Your objective
Write out the lines below exactly, beginning at the one with "Zwarte stof met" and stopping after the one with "Image showing Electric Meter on Stucco Wall"; the pictures are not copied.

Task data
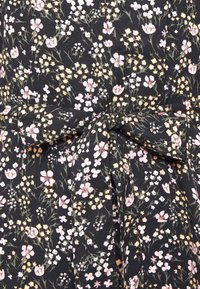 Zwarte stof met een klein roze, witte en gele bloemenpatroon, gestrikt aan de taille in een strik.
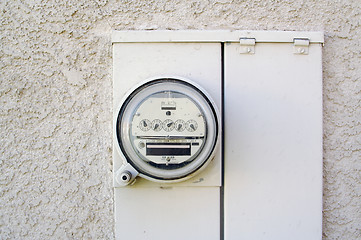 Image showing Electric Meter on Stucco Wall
--
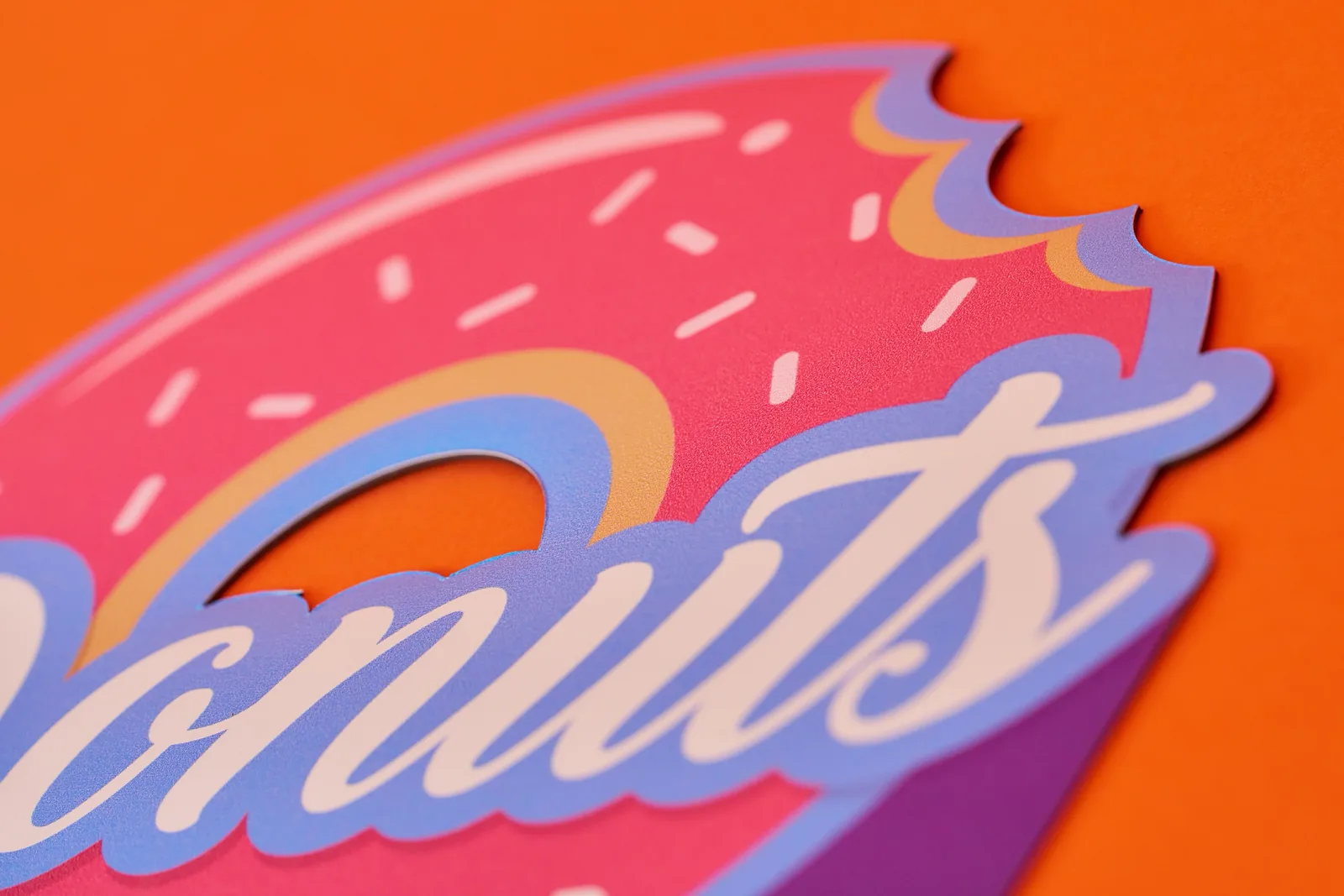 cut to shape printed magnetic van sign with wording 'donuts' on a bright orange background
...
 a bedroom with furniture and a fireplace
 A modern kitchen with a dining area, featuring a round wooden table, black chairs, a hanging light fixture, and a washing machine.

Problem solution
 Zwarte stof met een klein roze, witte en gele bloemenpatroon, gestrikt aan de taille in een strik.
 Image showing Electric Meter on Stucco Wall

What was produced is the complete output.